Bikepacking on Santa Catalina Island
I hadn’t been to Santa Catalina Island since I was young. So when Bruce asked if I’d join him for an overnighter there, I jumped at the chance. I needed to try out my bikepacking setup, and this would be the perfect chance.
Happening the same weekend was the Red Bull Catalina Grand Prix. They used to have motorcycle races on the island, but 1958 was the last year it was held. We met a racer from the last race in ’58 on our boat ride. Everyone seemed pretty excited to see the motos race on the island again. We decided we’d check out some racing before heading for the inland part of the island.
Red Bull Catalina Grand Prix racers.
After we’d seen enough of the motorcycles we decided it was time to start our trip by getting out of Avalon. Our plan was to cycle from Avalon to Two Harbors, where we’d board our return boat. The island isn’t very long, but it’s hilly, so we had some climbing ahead of us.
Profile of the climb out of Avalon.
The toughest climb is the road out of Avalon, with grades up to 12 percent. On our loaded bikes it didn’t take long before we were shedding layers and stopping to catch our breath. No problem -- around every corner was another photo op and a good excuse to pull over.
And here's a shot of the actual climb.
At the intersection of a couple of roads we heard some voices, and then saw some people flying across a Zip Line! A slight drizzle had been keeping things interesting all morning. However, once the climbing was over we were greeted with sun and blue skies. And still, every corner presented a new photo op, so it was hard to keep the camera holstered.
The ocean views were abundant and magnificent.
We awoke to clear skies on Sunday morning.

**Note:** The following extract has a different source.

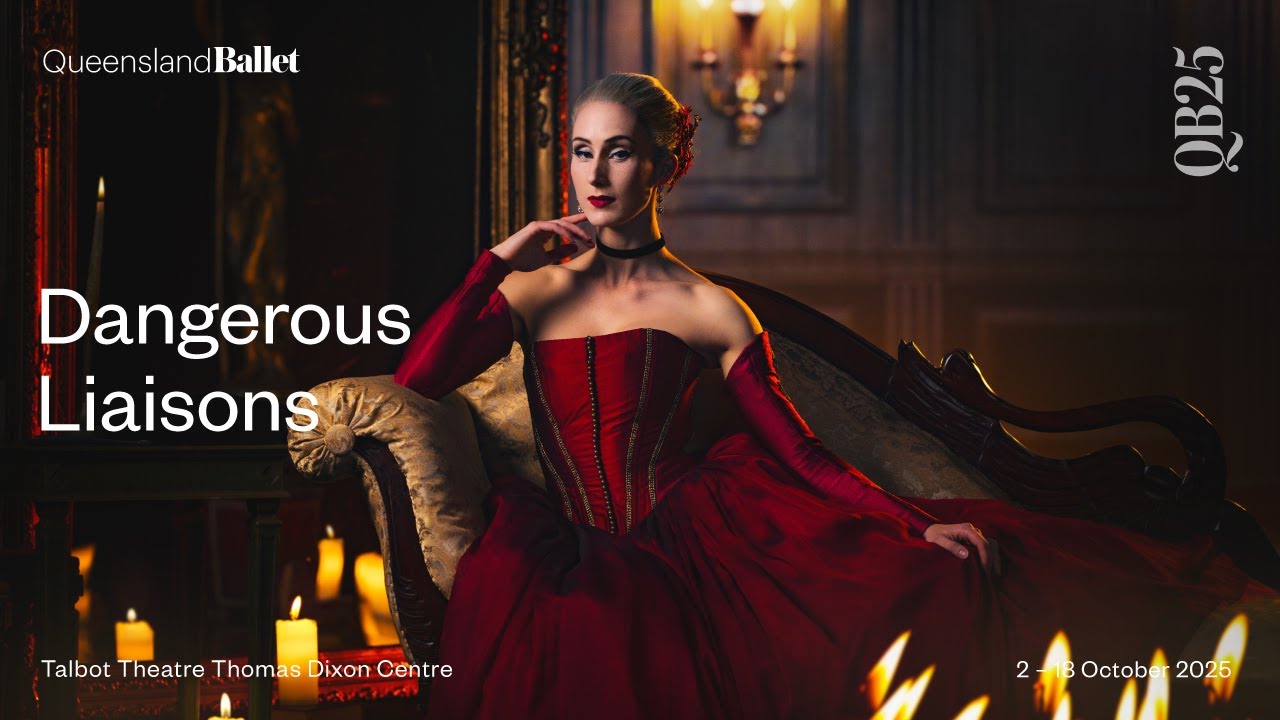 2025 Dangerous Liaisons | Queensland Ballet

My bike-and-tarp camping setup.
After the steep climb out of camp we enjoyed a long descent down to Middle Ranch. Along the way we finally saw one -- a real life bison! In 1924, fourteen bison were brought to the island for the filming of a movie. After production ended, they were left on the island. Seeing one of their descendents was a highlight of the trip.
My penny can stove.
Parts of this ride reminded me of motorcycling through Baja. Dirt roads, few people, and amazing vistas. The only things missing were the taco carts.

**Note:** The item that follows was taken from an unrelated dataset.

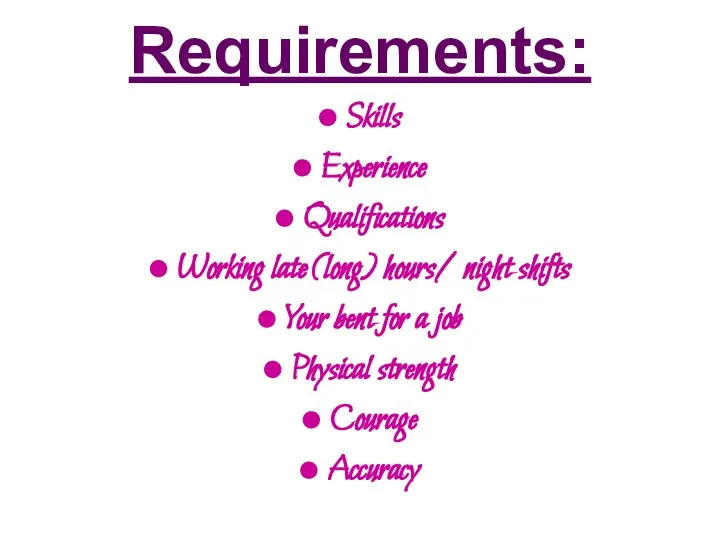 Requirements: Skills Experience Qualifications Working late (long) hours/ night shifts Your bent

The road started to climb again and before long we were granted a view of the far side of the island. We spotted a hawk, or an eagle perhaps, sitting alone on a rock overlooking the ocean. This is a special place, and we knew we were lucky to be here.

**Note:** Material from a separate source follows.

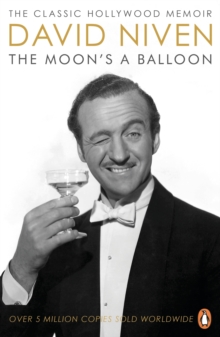 The Moon's a Balloon : The Guardians Number One Hollywood Autobiography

Bruce on one of the island's gravel roads.
We eventually made it to Little Harbor and stopped for some snacks. We had a boat to catch in Two Harbors for the return ride home, but to get there we had to climb back to the other side of the island. We arrived with time to spare and, after lunch, we relaxed on the beach, listening to the waves and enjoying a (strong!) beer. We couldn’t have timed it better, as the skies grayed with an approaching storm.
What a weekend.
Beer, bike, and beach. Does it get any better?